Easter in the 1980s meant the Safari Rally and the Circuit of Ireland, epic 5-day adventures contested by voracious 4-wheel drive turbocharged monsters called Group B rallycars. Rallying has since been sanitised, the vehicles domesticated, and the routes emasculated, but in the 1980s rallying posed a remarkable test of endurance and speed. The Safari and Circuit of Ireland, in particular, provided twisting narratives of waxing and waning fortunes, spectacular driving, mechanical disaster, and fearsome accidents.

I'm currently reading John Davenport's retrospective account of this era, Group B: The Rise and Fall of Rallying's Wildest Cars, and it's a fine piece of nostalgia. Audi Sport Quattros, Lancia 037s, Peugeot 205 T16s, Ford RS200s, Metro 6R4s, Lancia Delta S4s, Opel Manta 400s, Ari Vatanen, Henri Toivonen, Markku Alen, Hannu Mikkola, Walter Rohrl, Stig Blomqvist, Tony Pond, Timo Salonen, Michele Mouton, Bjorn Waldegaard, and Juha Kankkunen. Brings a tingle to the spine, even at a distance of 20 years.

2 comments:

Patrick said...

Ah, they were great, weren't they. I've got some truly terrifying footage of Walter Rohrl driving the Quattro in Portugal, doing a 'parting of the red sea' act with the crowd.

Saw the penultimate Gp B World Rally too - at Cirencester Park in 1986.

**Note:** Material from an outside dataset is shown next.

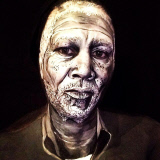 Make up artist transforms herself into famous faces, London Britain, June 2014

Happened to catch some guys rallying Metro 6R4s at a club event in the Scottish Borders a few years back - they're still spectacular.

Gordon McCabe said...

Rohrl was a fascinating character. I get the impression he was something of a recluse, but he won the 1982 Monte Carlo Rally in an Opel Ascona 400, the 1983 Monte Carlo in a Lancia 037, the 1984 Monte Carlo in an Audi Quattro, and was only defeated after an epic comeback by Ari Vatanen's Peugeot on the 1985 event.